The Bench disposed of JSW’s petition with the status quo order, clarifying that it had not said anything on the merits of the matter.
JSW undertook the review petition would be filed within the limitation period.
“We record the submission of the learned senior counsel for the appellant (JSW) that the review petition shall be filed prior to the expiry of the limitation period and in accordance with the law,” the Bench observed.
On May 2, the Supreme Court rejected the ₹19,700 crore resolution plan submitted by JSW Steel for BPSL, holding the plan “illegal” and ordered the latter’s liquidation, four years after the company was acquired under the Insolvency and Bankruptcy Code (IBC).
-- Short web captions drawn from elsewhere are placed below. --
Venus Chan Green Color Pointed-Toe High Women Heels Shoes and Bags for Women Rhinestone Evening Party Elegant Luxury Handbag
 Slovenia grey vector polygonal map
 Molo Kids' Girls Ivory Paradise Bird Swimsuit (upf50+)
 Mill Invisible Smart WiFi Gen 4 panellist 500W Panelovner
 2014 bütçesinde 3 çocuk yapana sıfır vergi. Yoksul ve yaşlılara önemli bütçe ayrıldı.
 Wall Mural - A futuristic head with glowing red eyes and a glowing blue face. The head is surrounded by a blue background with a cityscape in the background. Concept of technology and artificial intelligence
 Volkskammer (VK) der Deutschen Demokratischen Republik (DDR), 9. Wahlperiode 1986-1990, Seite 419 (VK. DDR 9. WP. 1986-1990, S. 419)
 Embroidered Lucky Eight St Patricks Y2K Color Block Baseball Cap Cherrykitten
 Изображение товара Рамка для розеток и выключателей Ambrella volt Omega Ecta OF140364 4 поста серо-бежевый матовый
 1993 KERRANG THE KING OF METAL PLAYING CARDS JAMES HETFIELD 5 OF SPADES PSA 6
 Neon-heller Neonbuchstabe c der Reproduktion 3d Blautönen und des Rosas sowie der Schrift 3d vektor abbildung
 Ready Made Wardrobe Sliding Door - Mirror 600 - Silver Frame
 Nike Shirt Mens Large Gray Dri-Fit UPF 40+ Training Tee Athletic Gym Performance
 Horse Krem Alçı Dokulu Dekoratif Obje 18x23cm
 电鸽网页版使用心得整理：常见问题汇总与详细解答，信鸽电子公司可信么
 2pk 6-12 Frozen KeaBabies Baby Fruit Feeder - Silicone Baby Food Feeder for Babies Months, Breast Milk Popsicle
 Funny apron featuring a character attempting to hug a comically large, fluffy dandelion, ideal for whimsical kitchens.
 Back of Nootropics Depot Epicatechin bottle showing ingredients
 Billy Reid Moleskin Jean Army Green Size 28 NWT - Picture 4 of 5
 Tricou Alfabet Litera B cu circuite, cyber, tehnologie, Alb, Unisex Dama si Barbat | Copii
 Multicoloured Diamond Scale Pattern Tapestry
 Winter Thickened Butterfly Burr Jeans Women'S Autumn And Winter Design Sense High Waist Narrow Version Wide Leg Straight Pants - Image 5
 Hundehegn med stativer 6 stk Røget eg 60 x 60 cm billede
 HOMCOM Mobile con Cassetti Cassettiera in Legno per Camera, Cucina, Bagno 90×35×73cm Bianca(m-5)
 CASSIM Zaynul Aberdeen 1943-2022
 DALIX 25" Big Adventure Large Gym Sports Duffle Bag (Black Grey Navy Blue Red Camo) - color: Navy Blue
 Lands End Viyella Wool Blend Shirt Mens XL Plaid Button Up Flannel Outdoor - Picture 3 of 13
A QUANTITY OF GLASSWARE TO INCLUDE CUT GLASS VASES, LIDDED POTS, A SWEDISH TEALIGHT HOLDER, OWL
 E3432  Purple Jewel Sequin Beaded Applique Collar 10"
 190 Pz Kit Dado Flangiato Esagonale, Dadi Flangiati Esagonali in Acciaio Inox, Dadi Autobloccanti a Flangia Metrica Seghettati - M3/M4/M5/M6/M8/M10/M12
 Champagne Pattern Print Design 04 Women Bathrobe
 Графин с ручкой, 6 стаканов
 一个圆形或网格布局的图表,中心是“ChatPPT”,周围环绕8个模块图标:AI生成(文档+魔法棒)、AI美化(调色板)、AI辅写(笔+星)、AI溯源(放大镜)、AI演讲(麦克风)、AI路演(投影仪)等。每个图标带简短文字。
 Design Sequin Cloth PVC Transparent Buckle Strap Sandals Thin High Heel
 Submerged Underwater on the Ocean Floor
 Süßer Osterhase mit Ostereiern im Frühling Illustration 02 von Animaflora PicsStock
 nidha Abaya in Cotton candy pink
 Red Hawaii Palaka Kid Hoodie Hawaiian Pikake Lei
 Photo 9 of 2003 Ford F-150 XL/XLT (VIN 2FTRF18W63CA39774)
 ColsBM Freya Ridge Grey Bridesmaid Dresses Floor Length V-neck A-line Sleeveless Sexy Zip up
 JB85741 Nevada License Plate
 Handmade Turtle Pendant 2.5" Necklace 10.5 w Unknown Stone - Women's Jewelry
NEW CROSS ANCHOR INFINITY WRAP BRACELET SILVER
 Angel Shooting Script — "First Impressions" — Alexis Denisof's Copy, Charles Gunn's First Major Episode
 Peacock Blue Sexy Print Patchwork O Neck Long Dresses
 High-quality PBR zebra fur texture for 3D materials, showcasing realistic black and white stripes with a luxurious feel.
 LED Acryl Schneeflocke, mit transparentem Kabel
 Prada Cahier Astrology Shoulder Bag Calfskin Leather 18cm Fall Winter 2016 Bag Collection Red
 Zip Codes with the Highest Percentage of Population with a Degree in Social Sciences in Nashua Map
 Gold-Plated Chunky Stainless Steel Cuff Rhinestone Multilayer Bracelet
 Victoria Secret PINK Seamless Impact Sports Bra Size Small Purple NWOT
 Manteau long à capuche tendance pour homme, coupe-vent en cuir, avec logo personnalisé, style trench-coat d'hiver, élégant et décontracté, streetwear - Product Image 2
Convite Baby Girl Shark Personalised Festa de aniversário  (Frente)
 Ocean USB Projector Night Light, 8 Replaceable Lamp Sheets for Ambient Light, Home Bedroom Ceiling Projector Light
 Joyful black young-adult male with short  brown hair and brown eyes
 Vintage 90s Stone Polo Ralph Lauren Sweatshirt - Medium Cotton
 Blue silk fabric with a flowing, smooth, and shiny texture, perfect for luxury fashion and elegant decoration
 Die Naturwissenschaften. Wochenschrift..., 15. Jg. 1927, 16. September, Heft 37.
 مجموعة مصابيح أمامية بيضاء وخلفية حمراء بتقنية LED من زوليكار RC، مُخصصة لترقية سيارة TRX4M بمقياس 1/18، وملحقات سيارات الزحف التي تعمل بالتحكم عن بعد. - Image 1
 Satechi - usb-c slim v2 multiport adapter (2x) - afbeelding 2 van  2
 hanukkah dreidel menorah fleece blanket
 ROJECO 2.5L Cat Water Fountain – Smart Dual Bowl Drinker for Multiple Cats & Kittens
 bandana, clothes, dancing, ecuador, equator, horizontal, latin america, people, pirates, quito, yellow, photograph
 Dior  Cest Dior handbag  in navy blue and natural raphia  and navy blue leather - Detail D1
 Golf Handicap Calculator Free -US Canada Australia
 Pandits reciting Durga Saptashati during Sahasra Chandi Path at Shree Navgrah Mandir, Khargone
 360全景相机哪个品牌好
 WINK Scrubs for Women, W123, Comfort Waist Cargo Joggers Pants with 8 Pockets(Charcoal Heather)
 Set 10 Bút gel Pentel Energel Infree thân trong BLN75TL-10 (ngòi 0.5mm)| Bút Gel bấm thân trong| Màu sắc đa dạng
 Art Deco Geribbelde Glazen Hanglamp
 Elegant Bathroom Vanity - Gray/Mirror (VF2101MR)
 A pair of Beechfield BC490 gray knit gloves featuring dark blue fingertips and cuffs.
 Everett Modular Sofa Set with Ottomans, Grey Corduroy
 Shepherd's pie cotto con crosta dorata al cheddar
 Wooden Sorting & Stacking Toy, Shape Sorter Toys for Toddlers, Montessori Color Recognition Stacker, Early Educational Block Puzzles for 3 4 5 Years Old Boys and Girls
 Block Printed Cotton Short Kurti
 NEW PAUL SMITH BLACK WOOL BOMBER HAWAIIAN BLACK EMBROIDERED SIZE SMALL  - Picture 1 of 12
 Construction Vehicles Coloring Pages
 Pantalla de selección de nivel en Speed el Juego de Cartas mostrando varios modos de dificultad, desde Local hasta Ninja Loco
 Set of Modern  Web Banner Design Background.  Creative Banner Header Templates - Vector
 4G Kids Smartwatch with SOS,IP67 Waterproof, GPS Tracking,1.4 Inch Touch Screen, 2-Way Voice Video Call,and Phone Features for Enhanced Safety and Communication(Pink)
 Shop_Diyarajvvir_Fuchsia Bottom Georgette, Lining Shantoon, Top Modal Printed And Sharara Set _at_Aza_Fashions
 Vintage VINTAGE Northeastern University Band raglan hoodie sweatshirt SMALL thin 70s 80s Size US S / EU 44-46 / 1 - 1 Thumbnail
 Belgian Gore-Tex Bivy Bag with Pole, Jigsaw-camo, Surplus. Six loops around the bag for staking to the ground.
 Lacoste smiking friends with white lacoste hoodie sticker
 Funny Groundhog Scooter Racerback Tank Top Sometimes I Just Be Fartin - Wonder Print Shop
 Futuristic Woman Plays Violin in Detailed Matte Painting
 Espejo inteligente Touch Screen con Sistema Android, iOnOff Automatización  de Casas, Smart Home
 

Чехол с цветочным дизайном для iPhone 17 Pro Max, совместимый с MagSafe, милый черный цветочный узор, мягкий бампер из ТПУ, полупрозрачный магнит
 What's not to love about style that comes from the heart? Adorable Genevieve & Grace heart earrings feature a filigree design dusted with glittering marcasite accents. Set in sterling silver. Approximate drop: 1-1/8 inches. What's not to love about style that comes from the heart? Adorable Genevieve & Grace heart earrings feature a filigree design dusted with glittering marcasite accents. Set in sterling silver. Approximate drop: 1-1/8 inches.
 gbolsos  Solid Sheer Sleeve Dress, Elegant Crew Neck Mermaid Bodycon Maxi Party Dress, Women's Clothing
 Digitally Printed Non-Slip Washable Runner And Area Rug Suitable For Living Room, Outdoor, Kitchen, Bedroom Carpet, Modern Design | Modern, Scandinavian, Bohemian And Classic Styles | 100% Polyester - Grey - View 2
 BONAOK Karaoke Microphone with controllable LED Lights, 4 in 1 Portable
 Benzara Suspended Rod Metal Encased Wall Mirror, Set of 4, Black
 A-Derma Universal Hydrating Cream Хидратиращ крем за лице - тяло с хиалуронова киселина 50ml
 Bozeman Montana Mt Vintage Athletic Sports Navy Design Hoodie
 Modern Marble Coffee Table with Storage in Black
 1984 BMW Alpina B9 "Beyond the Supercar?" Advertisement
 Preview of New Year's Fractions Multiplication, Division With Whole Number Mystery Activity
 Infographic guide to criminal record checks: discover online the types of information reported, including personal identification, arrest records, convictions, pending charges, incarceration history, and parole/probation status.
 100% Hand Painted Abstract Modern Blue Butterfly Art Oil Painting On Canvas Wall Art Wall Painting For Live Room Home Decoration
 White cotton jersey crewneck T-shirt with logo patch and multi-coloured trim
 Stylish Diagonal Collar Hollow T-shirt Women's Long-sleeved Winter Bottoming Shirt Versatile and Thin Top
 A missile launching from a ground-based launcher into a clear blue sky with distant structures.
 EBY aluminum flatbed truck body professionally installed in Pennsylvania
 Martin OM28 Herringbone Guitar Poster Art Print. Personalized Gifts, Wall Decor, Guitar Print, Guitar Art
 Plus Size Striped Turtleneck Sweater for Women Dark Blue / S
ALSO READ: BPSL issue one-off, will weigh opportunities on merit: JSW Steel's Acharya
After the Supreme Court judgment, former BPSL promoter Sanjay Singal approached the NCLT, Delhi, urging it to enforce the liquidation order.
Commenting on the order, Alay Razvi, managing partner of law firm Accord Juris, said the Supreme Court’s decision to halt liquidation proceedings without a formal review petition filed was atypical.
“Such stays are granted after filing a review petition and almost never in commercial matters where timelines and finality are critical,” he said.
Amit Tungare, managing partner of law firm Asahi Legal, said the Supreme Court, by proactively staying the liquidation proceedings, acknowledged the substantial economic implications in corporate insolvency resolutions.
“Such anticipatory interventions, though uncommon, demonstrate judicial pragmatism aimed at safeguarding broader stakeholder interests,” he said.
Nitin Jain, partner at law firm Agama Law Associates, said: “The impact would be that parties would not act upon the earlier passed order by the apex court, which quashed JSW’s Resolution Plan for Bhushan steels in the meantime. The fate of this order may impact the large insolvency which are underway and reached at advanced stages of the Insolvency resolution.”